Problem details
Look through the entries below and extract exactly the lines from the one containing "For OPPO Y17T" through the one containing "4xTPMS System Tyre", ends included.

====== Data section ======

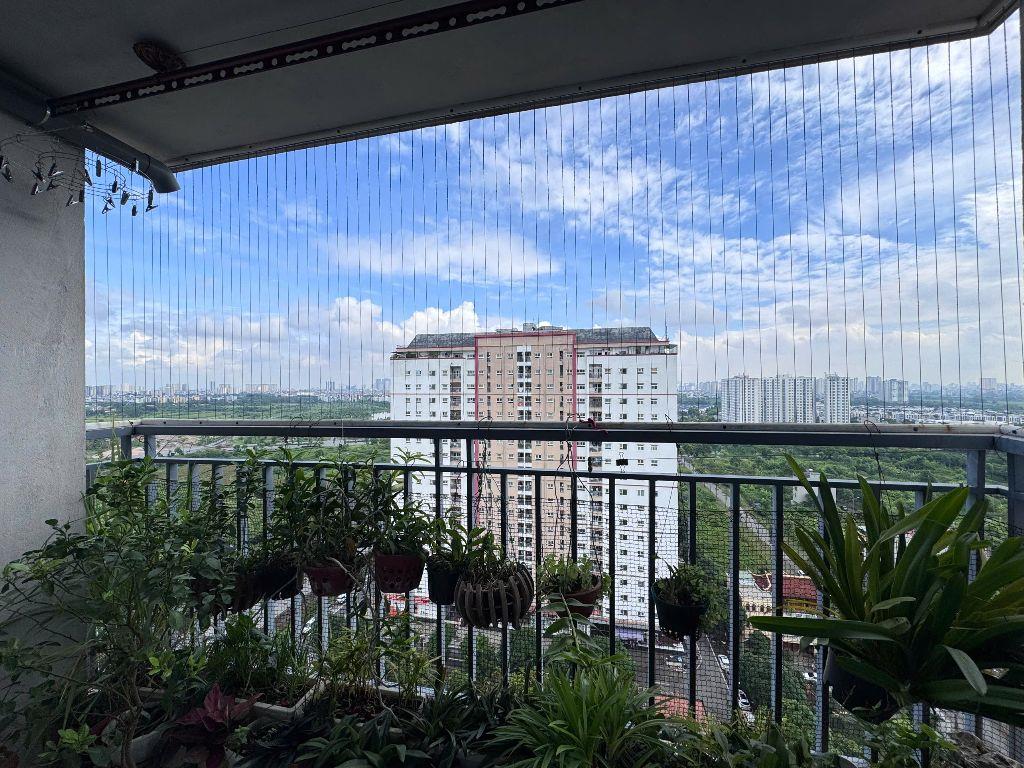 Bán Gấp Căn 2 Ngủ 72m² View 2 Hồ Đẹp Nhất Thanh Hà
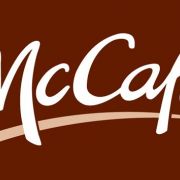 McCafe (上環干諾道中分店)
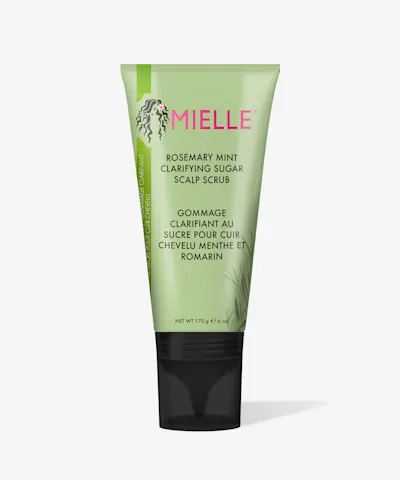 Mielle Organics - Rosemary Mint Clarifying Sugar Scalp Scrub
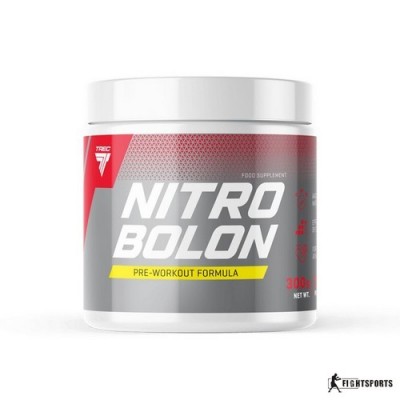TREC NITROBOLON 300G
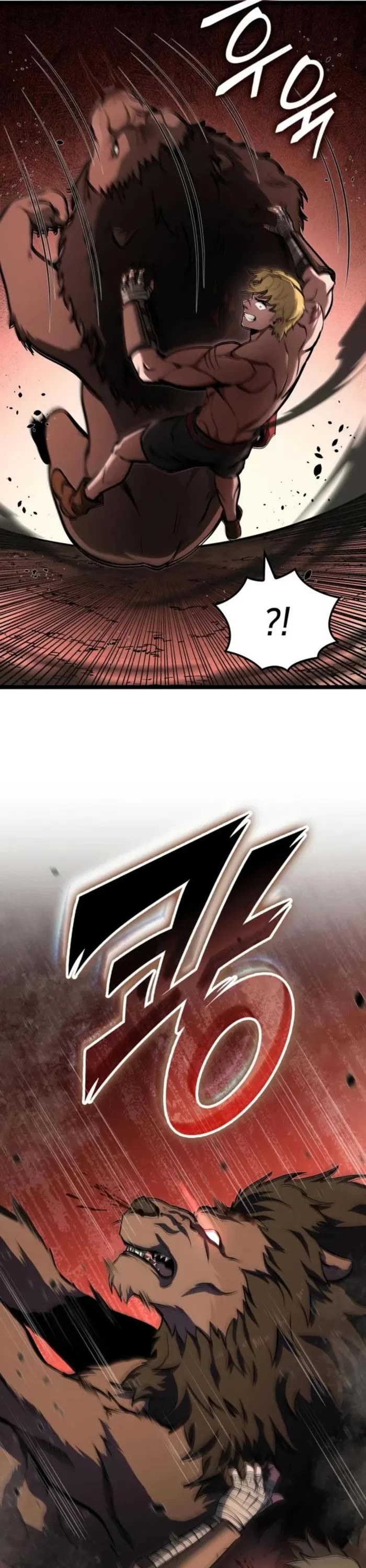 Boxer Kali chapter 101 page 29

======
====== Data section ======

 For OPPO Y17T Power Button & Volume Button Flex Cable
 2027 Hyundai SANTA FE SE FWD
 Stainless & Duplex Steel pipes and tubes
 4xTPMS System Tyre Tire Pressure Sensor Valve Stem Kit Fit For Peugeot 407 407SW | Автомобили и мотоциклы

======

Answer space
 For OPPO Y17T Power Button & Volume Button Flex Cable
 2027 Hyundai SANTA FE SE FWD
 Stainless & Duplex Steel pipes and tubes
 4xTPMS System Tyre Tire Pressure Sensor Valve Stem Kit Fit For Peugeot 407 407SW | Автомобили и мотоциклы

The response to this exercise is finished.